Photo by Simer Khurana/ The Runner

Peter Castillo


An expansion to the Student Union and a new aquatics center is on the table for CSU Bakersfield students.

During ASI’s board of directors meeting on Jan. 26, the executive board introduced a new bill that will expand the size of the Student Union and add an aquatics center to the Student Recreation Center.

It will now be up to CSUB students to decide whether they want the new additions, and if they are willing to take on the price tag that comes with it.

The additional cost will begin at $60 per year, with $40 going toward the Student Union and $20 toward the aquatics center.

The fee will increase $40 every year until it caps at $160 and is only applied to the Student Union fee, according to ASI President Mariela Gomez.
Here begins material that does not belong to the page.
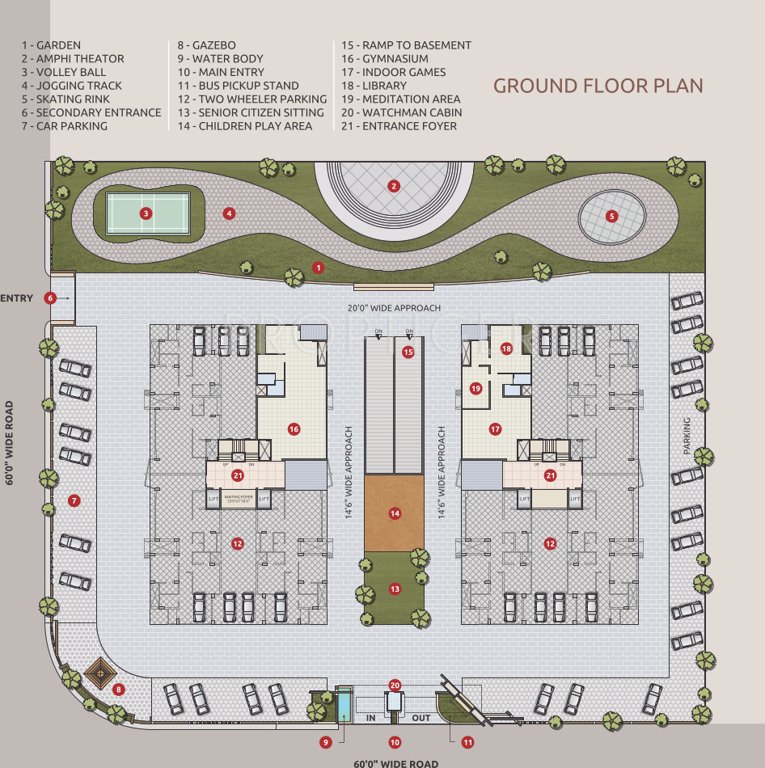 Images for Cluster Plan of Yashasvi Siddhi Ellipse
The $20 fee for the aquatics center will remain a fixed amount.

“I think it’s a great idea,” said senior criminal justice major Jaritza Velasco. “It gives us more room to study, and plus, I like to swim.”

However, not all students feel the upgrade is necessary. “It’s not necessary, it’s a luxury,” said Katharine Cotzajay, a senior psychology major. “I think something like the Edible Garden should be the focus. More students can use it instead of a pool.”

The Edible Garden is a student-led initiative which will provide students with fresh produce. However, not many strides have been made toward this effort.

Students currently pay $468 annually towards a student body fee which applies to both the Student Union and the SRC.

The Student Union fee is $94 annually while the SRC fee is $374.50 per year.

Should the vote pass this number will increase to $628 annually.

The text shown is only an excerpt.